In the light of current evidence, suggesting potential anti-tumor effects of beta-blockers particularly at early breast cancer stages, we hypothesize that exposure to beta-blockers in patients with DCIS is associated with clinical benefits. Hence, the aim of our study was to investigate the potential impact of beta-blocker exposure on risk for invasive breast cancer recurrence in women diagnosed with pure DCIS.
Patients and methods
Study population—study design, data sources, participants and data collection
For this register-based retrospective cohort study, all patients with pure DCIS diagnosed between July 1, 2006 and December 31, 2012 were identified through the research database BCBaSe 2.0 [26]. BCBaSe 2.0 was established using data linkage of The Regional Breast Cancer Quality Registries of the Uppsala/Örebro, Stockholm-Gotland and Northern regions of Sweden (1992–2007), National Quality Register for Breast Cancer (NKBC, 2008–2013), the National Patient Register, the Swedish Cancer Register, the Swedish Cause of Death Register, the Swedish Prescribed Drug Register, all held by the National Board of Health and Welfare, as well as the Longitudinal Integration Database for Health Insurance and Labour Market Studies (LISA) and the Total Population Register, managed by Statistics Sweden. Information from these registers is linked using the ten-digit personal identifier numbers assigned to all citizens residing in Sweden. BCBaSe 2.0 has high coverage and data completeness ensuring the validity of data and the generalizability of the study results. Of note, in NKBC only the first cancer for each breast is registered as primary, patients diagnosed with DCIS are reported by NKBC as the primary breast cancer and any subsequent invasive cancer will be registered as a recurrence in the follow-up formula.

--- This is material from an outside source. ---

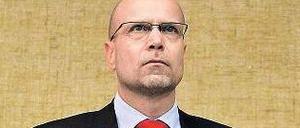 Gespannt. Thomas Ganswindt weicht den Kameras am ersten Prozesstag nicht aus. Zur Sache aber schweigt er. Am kommenden Dienstag geht es weiter. Foto: dapd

The study was performed in line with the principles of the Declaration of Helsinki. Approval of BCBase 2.0 was granted by the Regional Ethics Committee, Stockholm (Approval number: 2013/1272–31/4). All female patients with pure DCIS in BCBaSe 2.0 who underwent definitive surgical treatment without concurrent diagnosis of invasive breast cancer between 2006 and 2012 were included. Men with DCIS, patients with concurrent diagnosis of invasive breast cancer at index date, were excluded. Last day of follow-up was 31 December, 2018. Data on age at diagnosis, histological grade, adjuvant radiotherapy and use of beta-blockers were collected.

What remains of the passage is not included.